Shatta Wale walked out of the 43rd International Reggae and World Music Awards with two trophies and a message that landed well beyond his own camp: African dancehall is no longer knocking at the door, it is inside the building. The Ghanaian star won Best African Dancehall Entertainer and Concert of the Year for Shattafest Ghana, turning one night in Lauderhill, South Florida, into another marker of how far the sound has travelled from its Caribbean roots.

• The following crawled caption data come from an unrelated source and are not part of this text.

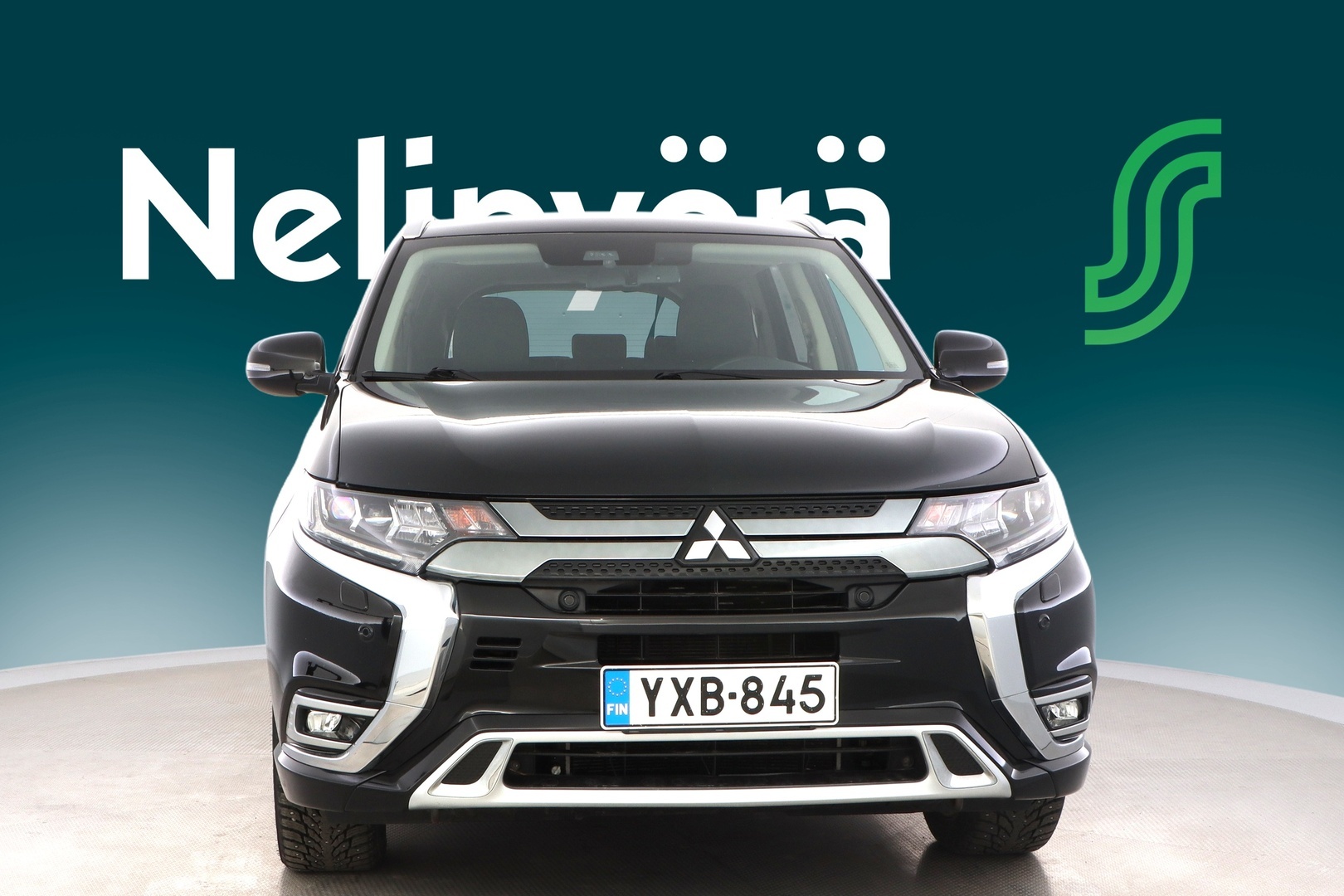 MITSUBISHI Outlander PHEV 2021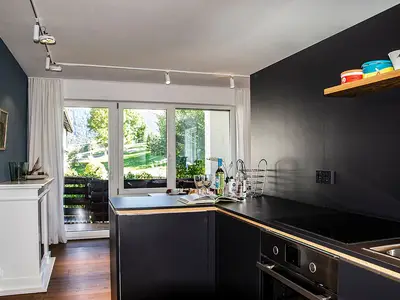 Ferienwohnung für 4 Personen (60 m²) in Oberstaufen 7/10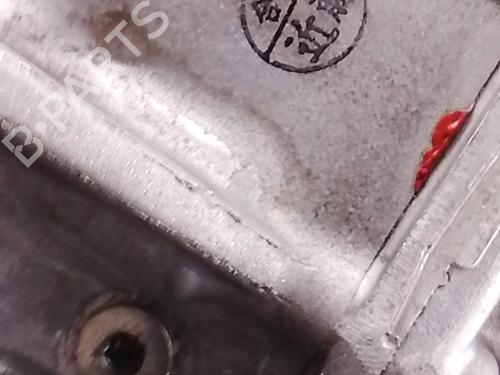 Gearbox MAZDA 6 Hatchback (GH) 2.0 MZR-CD (GH14) | BP37223895M3 - Image 3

The Concert of the Year win mattered because it did more than reward a name on a ballot. It validated Shatta Wale as a live draw, not just a loud recording artist with a big online footprint. Shattafest Ghana gave him a stage claim that the IRAWMA voters could not ignore, and that kind of recognition matters in dancehall, where the live show still tells you plenty about an artist’s real pull. The Best African Dancehall Entertainer trophy carried a different kind of weight. It placed Shatta Wale at the front of a lane that has grown steadily stronger, with African artists no longer treated as side notes to the genre but as central figures in its current global shape.
Shatta Wale leaned into that broader meaning in his reaction. He framed the double win as proof that his team’s work could not be stopped and said the standard being set now reaches global levels. He also thanked Jamaica and his supporters, which gave the moment a familiar dancehall logic: the victory was personal, but the salute went outward, toward the island that built the sound and the fan base that keeps it moving across borders.
His management echoed that same point, saying the awards confirmed the reach and consistency of the Shatta Movement and its effort to connect Africa and the Caribbean. That connection sits at the center of why this win resonated. IRAWMA founder Ephraim Martin also praised the result and pointed to the fans who continue to vote strongly for African artistes, a reminder that legitimacy in this space is built not only by judges and organizers but by the people who keep pushing the names across continents.
The real takeaway from Shatta Wale’s two wins is not just that he collected hardware in Lauderhill. It is that African dancehall now has enough heat, enough live power and enough fan backing to win in one of reggae’s most visible institutional spaces, and Shatta Wale is still treating that as the start of the next run, not the finish line.